» Directions: From the line containing "Escape Artist (DVD)" to the very last line of the data below, transcribe everything exactly and nothing more.

» Record set:

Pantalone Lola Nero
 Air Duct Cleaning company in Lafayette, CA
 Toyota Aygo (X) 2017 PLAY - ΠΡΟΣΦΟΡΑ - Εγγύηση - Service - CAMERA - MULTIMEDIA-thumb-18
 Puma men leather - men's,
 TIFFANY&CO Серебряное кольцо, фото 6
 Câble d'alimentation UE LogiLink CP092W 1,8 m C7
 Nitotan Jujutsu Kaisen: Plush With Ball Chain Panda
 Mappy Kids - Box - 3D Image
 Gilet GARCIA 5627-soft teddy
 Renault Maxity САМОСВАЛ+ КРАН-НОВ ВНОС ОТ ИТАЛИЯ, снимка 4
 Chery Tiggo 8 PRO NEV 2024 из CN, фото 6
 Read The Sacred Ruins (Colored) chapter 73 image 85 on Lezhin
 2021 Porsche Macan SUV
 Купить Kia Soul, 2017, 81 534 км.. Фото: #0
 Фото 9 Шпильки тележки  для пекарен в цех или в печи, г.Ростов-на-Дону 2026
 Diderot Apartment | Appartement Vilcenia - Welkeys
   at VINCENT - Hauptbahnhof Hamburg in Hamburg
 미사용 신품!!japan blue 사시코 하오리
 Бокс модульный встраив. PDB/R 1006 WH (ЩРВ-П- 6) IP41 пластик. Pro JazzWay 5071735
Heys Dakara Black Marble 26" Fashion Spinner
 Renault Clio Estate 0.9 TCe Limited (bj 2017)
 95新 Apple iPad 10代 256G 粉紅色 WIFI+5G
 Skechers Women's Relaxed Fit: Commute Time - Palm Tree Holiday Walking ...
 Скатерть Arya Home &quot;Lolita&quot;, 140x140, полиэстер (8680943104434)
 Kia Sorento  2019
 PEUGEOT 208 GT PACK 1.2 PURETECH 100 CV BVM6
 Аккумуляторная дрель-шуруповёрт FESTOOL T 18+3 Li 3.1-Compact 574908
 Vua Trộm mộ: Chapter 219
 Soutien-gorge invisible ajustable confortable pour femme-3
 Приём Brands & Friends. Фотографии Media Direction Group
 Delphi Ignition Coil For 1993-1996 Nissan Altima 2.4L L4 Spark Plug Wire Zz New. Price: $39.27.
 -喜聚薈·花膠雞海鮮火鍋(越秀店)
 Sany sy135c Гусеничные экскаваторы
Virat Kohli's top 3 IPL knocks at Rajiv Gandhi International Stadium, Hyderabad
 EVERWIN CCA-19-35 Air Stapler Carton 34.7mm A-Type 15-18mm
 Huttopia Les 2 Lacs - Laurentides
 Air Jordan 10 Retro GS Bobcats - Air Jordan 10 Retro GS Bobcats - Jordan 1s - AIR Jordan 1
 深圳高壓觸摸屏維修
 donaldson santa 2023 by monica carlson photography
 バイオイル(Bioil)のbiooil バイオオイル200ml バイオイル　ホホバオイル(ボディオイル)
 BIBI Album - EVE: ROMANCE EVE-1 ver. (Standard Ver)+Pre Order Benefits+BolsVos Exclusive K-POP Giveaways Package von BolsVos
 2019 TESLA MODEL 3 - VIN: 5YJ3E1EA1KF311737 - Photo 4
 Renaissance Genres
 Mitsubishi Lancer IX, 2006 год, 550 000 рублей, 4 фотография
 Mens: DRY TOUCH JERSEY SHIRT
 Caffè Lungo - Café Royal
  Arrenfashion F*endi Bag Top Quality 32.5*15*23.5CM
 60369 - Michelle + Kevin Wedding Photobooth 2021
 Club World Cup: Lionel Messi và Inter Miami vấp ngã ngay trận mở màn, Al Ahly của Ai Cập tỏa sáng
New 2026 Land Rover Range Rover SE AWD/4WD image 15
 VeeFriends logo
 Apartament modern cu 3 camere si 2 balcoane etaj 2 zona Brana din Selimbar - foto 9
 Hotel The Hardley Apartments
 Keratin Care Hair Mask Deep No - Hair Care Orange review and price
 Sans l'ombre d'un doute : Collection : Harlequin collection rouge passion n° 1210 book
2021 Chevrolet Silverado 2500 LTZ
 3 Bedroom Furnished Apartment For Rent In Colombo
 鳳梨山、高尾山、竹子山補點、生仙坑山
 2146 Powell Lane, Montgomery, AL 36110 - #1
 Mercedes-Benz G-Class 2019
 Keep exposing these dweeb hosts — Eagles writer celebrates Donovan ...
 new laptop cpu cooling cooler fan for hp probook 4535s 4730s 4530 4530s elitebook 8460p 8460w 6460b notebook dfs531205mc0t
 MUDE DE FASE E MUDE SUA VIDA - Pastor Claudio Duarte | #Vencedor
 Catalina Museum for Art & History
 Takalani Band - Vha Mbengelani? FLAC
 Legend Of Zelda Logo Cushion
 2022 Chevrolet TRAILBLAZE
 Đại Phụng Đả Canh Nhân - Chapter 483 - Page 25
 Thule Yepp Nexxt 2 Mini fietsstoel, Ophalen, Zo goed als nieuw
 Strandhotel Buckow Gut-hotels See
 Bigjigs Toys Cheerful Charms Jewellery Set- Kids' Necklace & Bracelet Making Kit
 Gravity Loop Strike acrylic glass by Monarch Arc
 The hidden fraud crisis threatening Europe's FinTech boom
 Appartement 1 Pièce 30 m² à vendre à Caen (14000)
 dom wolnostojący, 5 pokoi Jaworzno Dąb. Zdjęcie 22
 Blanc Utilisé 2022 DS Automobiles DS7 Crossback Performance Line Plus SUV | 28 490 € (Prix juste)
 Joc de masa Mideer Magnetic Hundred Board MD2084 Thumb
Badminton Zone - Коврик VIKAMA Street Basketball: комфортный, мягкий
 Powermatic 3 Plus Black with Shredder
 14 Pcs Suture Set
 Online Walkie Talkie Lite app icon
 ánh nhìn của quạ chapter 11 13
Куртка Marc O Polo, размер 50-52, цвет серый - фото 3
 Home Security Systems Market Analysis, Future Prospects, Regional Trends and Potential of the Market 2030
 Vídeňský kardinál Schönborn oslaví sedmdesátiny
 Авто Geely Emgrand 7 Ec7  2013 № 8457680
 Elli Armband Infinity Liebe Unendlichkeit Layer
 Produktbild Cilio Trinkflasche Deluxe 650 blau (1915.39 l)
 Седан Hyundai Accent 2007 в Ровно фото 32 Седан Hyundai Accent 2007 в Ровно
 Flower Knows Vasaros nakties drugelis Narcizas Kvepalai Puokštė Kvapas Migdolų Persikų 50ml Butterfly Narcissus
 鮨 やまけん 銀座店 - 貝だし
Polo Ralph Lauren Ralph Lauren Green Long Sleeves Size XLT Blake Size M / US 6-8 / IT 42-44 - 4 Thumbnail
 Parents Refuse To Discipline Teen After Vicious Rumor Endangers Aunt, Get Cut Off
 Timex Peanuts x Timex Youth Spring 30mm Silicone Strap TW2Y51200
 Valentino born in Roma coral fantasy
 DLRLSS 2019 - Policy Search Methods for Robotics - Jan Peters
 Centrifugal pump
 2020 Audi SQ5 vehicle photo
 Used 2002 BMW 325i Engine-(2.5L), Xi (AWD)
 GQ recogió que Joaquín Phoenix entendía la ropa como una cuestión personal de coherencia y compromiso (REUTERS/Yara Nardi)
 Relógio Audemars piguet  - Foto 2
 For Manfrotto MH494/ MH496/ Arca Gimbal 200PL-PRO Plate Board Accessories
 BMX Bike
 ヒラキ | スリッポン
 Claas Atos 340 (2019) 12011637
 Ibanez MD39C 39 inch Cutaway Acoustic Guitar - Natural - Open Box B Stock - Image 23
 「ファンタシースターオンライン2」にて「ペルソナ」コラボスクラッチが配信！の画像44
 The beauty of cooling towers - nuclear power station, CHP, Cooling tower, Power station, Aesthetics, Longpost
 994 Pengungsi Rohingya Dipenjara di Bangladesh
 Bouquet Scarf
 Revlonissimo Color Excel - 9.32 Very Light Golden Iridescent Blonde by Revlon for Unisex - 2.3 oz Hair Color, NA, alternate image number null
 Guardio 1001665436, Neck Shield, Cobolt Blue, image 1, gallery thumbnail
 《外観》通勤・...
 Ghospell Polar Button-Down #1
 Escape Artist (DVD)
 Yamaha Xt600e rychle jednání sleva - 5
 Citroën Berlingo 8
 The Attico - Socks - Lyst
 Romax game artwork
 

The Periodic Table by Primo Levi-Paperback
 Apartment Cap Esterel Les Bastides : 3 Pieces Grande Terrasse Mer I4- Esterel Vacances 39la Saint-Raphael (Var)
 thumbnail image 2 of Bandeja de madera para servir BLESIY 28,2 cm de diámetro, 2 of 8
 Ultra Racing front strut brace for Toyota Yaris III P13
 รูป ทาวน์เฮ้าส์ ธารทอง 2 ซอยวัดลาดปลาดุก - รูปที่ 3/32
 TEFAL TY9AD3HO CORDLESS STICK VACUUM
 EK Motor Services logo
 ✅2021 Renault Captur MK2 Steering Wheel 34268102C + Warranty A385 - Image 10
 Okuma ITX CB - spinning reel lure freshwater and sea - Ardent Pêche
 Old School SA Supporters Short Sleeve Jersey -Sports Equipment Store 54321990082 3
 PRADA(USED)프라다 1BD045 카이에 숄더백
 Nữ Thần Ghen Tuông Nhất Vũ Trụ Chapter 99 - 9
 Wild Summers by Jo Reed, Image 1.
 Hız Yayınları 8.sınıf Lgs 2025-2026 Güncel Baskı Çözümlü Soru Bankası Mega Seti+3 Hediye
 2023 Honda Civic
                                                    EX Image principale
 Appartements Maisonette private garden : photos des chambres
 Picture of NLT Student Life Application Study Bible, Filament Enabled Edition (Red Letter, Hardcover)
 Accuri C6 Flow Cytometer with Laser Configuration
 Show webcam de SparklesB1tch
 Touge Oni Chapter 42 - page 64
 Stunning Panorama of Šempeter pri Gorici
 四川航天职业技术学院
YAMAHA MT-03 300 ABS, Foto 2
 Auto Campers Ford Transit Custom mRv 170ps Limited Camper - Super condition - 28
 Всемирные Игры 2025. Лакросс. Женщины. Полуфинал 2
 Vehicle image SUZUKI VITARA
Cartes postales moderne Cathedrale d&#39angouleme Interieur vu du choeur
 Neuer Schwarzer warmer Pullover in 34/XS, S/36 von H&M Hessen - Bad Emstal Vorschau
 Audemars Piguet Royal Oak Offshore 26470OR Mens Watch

» Answer space:
 Escape Artist (DVD)
 Yamaha Xt600e rychle jednání sleva - 5
 Citroën Berlingo 8
 The Attico - Socks - Lyst
 Romax game artwork
 

The Periodic Table by Primo Levi-Paperback
 Apartment Cap Esterel Les Bastides : 3 Pieces Grande Terrasse Mer I4- Esterel Vacances 39la Saint-Raphael (Var)
 thumbnail image 2 of Bandeja de madera para servir BLESIY 28,2 cm de diámetro, 2 of 8
 Ultra Racing front strut brace for Toyota Yaris III P13
 รูป ทาวน์เฮ้าส์ ธารทอง 2 ซอยวัดลาดปลาดุก - รูปที่ 3/32
 TEFAL TY9AD3HO CORDLESS STICK VACUUM
 EK Motor Services logo
 ✅2021 Renault Captur MK2 Steering Wheel 34268102C + Warranty A385 - Image 10
 Okuma ITX CB - spinning reel lure freshwater and sea - Ardent Pêche
 Old School SA Supporters Short Sleeve Jersey -Sports Equipment Store 54321990082 3
 PRADA(USED)프라다 1BD045 카이에 숄더백
 Nữ Thần Ghen Tuông Nhất Vũ Trụ Chapter 99 - 9
 Wild Summers by Jo Reed, Image 1.
 Hız Yayınları 8.sınıf Lgs 2025-2026 Güncel Baskı Çözümlü Soru Bankası Mega Seti+3 Hediye
 2023 Honda Civic
                                                    EX Image principale
 Appartements Maisonette private garden : photos des chambres
 Picture of NLT Student Life Application Study Bible, Filament Enabled Edition (Red Letter, Hardcover)
 Accuri C6 Flow Cytometer with Laser Configuration
 Show webcam de SparklesB1tch
 Touge Oni Chapter 42 - page 64
 Stunning Panorama of Šempeter pri Gorici
 四川航天职业技术学院
YAMAHA MT-03 300 ABS, Foto 2
 Auto Campers Ford Transit Custom mRv 170ps Limited Camper - Super condition - 28
 Всемирные Игры 2025. Лакросс. Женщины. Полуфинал 2
 Vehicle image SUZUKI VITARA
Cartes postales moderne Cathedrale d&#39angouleme Interieur vu du choeur
 Neuer Schwarzer warmer Pullover in 34/XS, S/36 von H&M Hessen - Bad Emstal Vorschau
 Audemars Piguet Royal Oak Offshore 26470OR Mens Watch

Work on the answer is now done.